The Victory Hall at Loughborough was a massive, grim building with steel rafters in the roof… more like a hanger than a sports hall and doubling up as an examination room. Forty feet above the desks and chairs were the rafters, perfect nesting places and ideal for bombing exam papers. Although most of the college staff and students had little idea what climbers got up to Doug and I were seen as a convenient and cheap way of evicting the birds. We had great fun and cleared out one or two nests but never met anything with feathers..

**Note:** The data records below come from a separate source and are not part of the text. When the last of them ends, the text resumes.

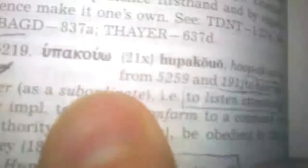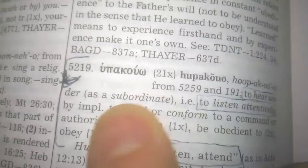So if we go over here to Hupakuo, it means to hear under, so it's got that same word in it, Akuo, to hear under as a subordinate. That is, to listen attentively, so we listen to God, to heed or conform to a command or authority.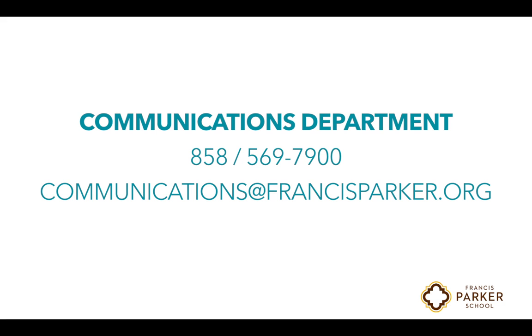For questions on the topics covered in this video, contact Parker's communications department by phone at 858-569-7900 or by email to communications at francisparker.org.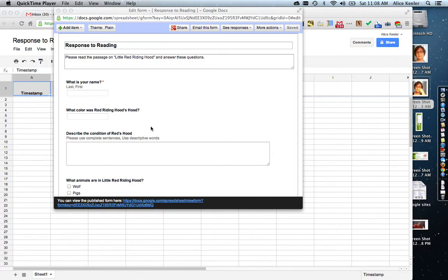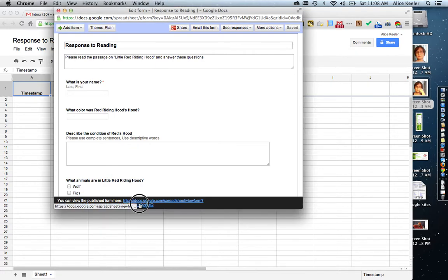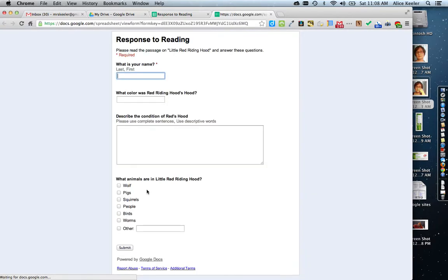You have all the questions that you want. The actual form itself is going to be linked at the bottom of the document. You'll notice down at the bottom it says you can view the published form here, and you have a blue link. If you click on that blue link, it's going to open up the actual form itself instead of being in editing mode.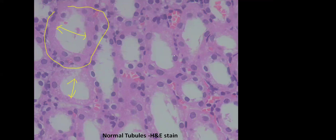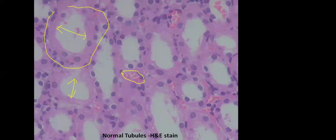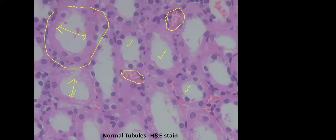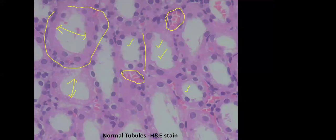If you look at these tubules, what you are seeing here is a peritubular capillary with RBCs. These are the tubules, all arranged in a back-to-back manner. When I say back-to-back manner, that means there is no intervening interstitium you can visualize. Whenever there is no intervening interstitium, that means there is no interstitial edema. Whenever there is interstitial edema, that suggests pathology is going on.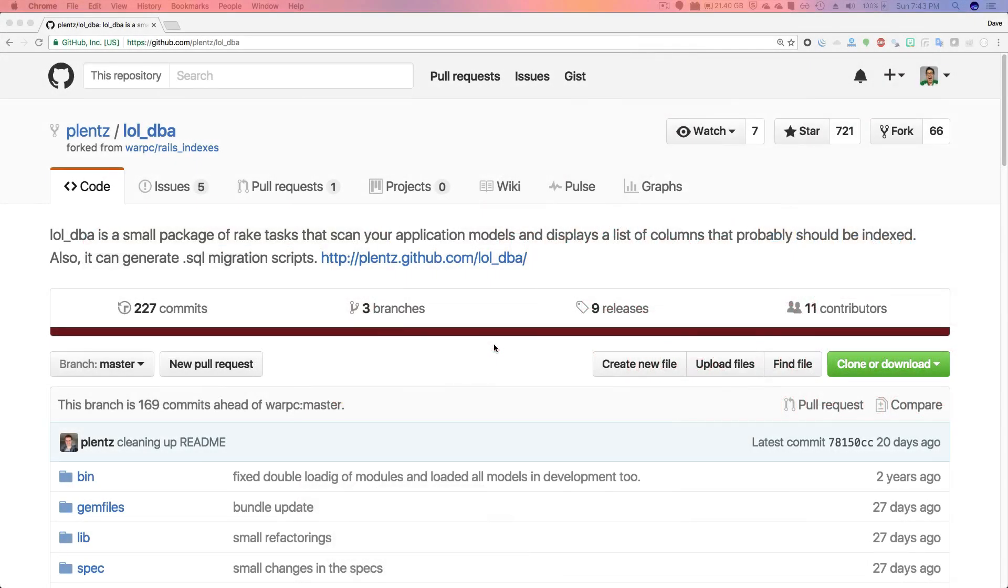Today we're going to be looking at a gem called LOL DBA. LOL DBA is a small package of rake tasks that can scan your application models and display a list of columns that you should be indexed.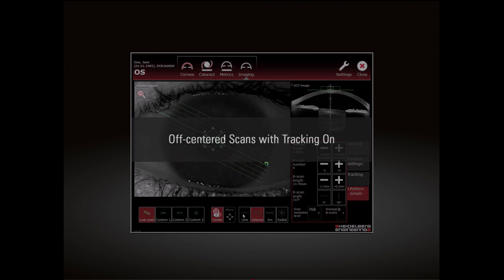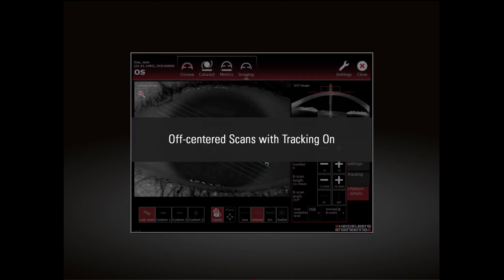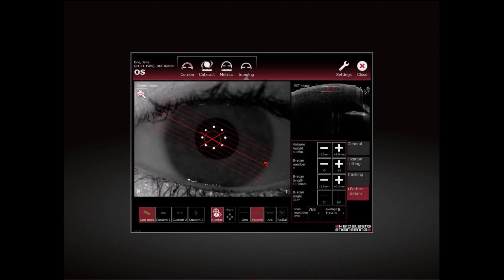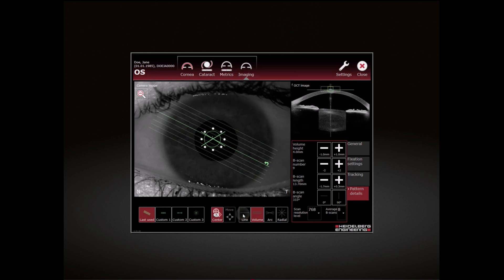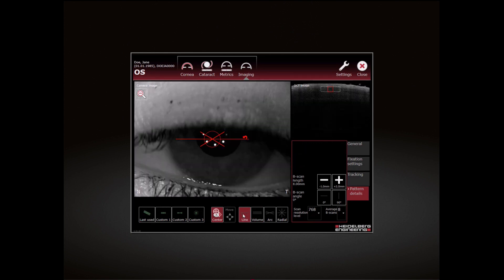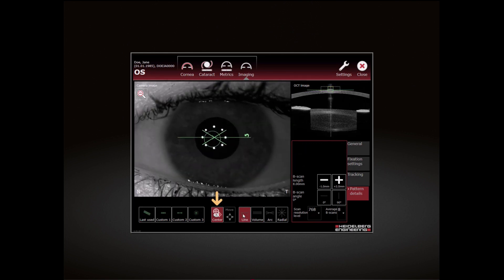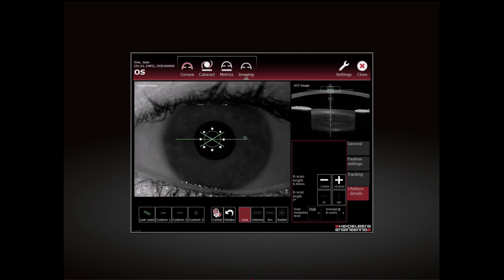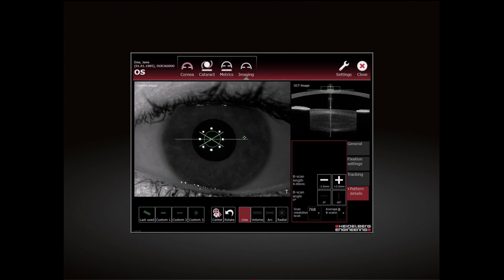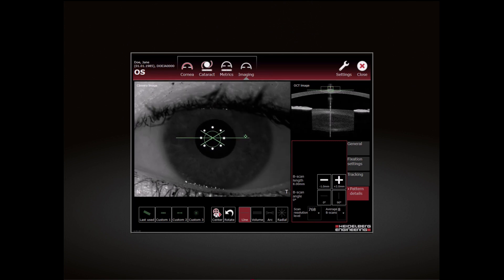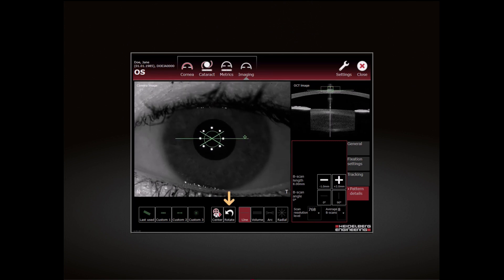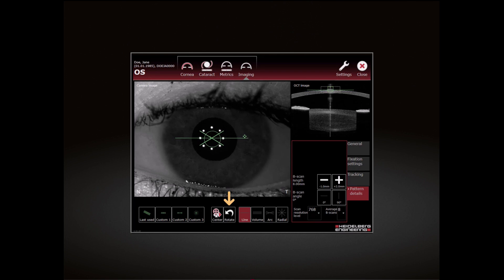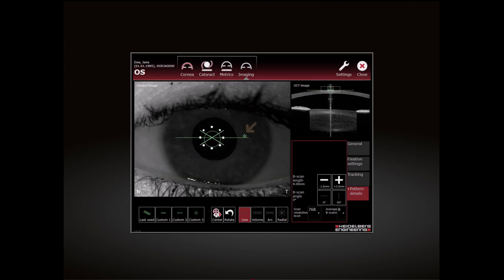Off-Centered Scans with Tracking On: To activate the off-centred scan with tracking on, tap Center. The Center button is deactivated. The Rotate button is now displayed. The symbol on the scan pattern indicates that movement is possible.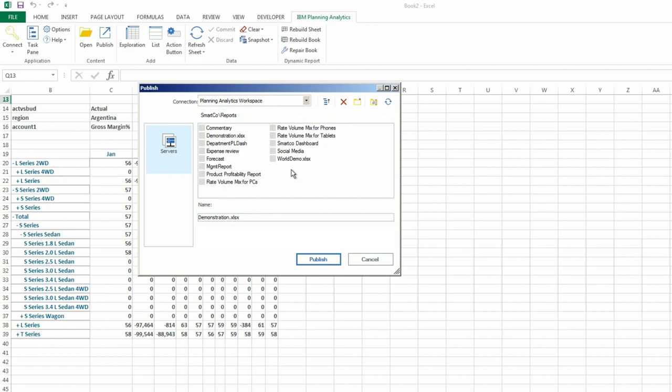If you want to make a workbook private, simply right click a public workbook and select Make Private.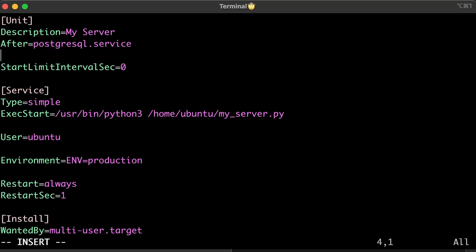If you want, you can add another Requires=postgresql.service directive. Even if Postgres is down and you try to start your Python server, systemd first starts Postgres and then your program.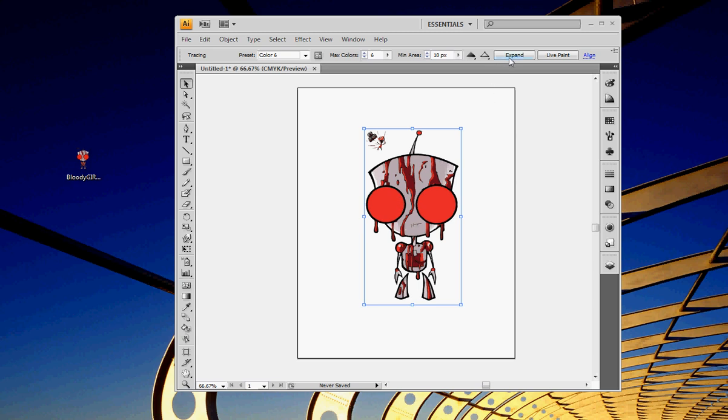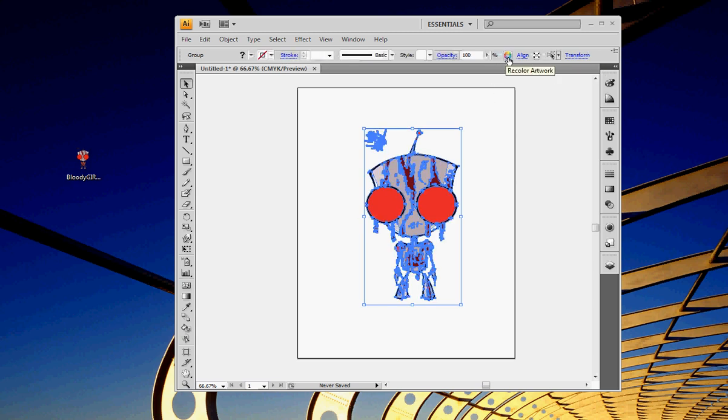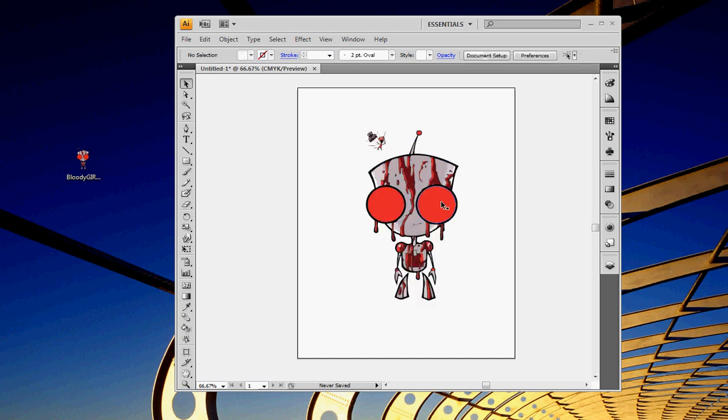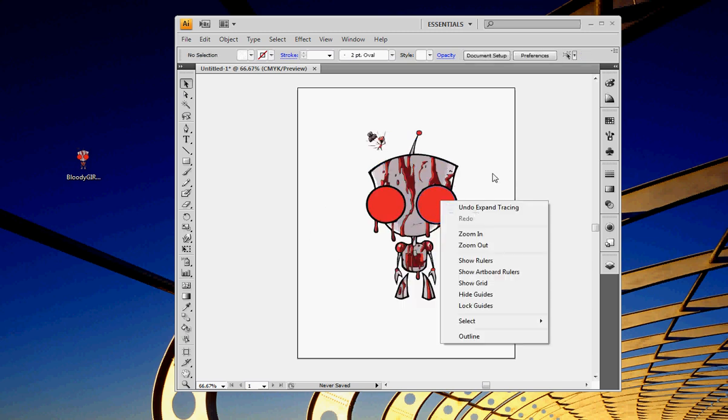And so, now I'm going to say Expand. And what that does is vectorizing. And now, each of these areas are defined by these lines here. So, I can now scale it without having to worry about any pixelation. I want to be able to scale it as much as I want.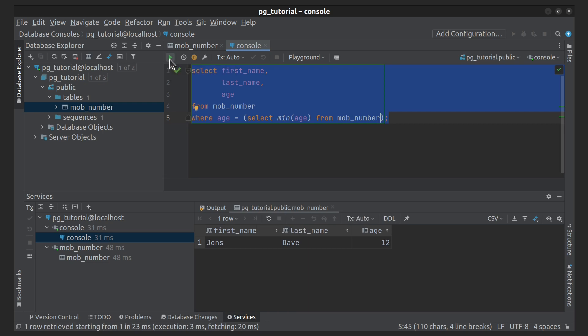Aggregate functions are also very useful in combination with GROUP BY clauses. For example, we can get the maximum age for each last name.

In the early 60s we climbed together in Chamonix. I remember cleaning the gear on the 40m wall of the Grand Capucin. The idea was that I would collect everything on a sling ready to hand up to Doug. Cold hands? Fear? I don’t know what, but the smooth transition didn’t work. All the hardware we possessed began its plummet towards the glacier only to hook itself over Doug’s boot. We didn’t finish the route! The following day we did the South Face of the Giant, a short route with a bit of aid (in those days) only to be caught in an electric storm on the summit. I’ve never seen anyone descend fixed ropes so fast. By the time I’d coiled our rope Doug was already running across the glacier.
In 1961 several English teams were sniffing around the Bregaglia. Colin and I climbed the Cassin Route and a few days later I ended up in hospital after a fall on a new route. Visitors were few and far between so I was pleased to see Doug stroll in. However I soon realised that he was more interested in the Hospital’s laundry facilities than me. Approaching the Badile in the darkness he’d slipped and whistled off down smooth slabs, with the predictable effect on his bowels. Nurses found an unsavoury bag of underclothes in my locker.
A few years ago June and I were driving north to the Lakes when there was a call on my mobile, “It’s Doug, I’m writing a book about the old days.” Me, “Doug who?” (We’d not met for 50 years.) Him, “Me, Doug (Then I recognised the voice and manner) “what were those routes we did back in the 60s?” And that was it, as though it was yesterday.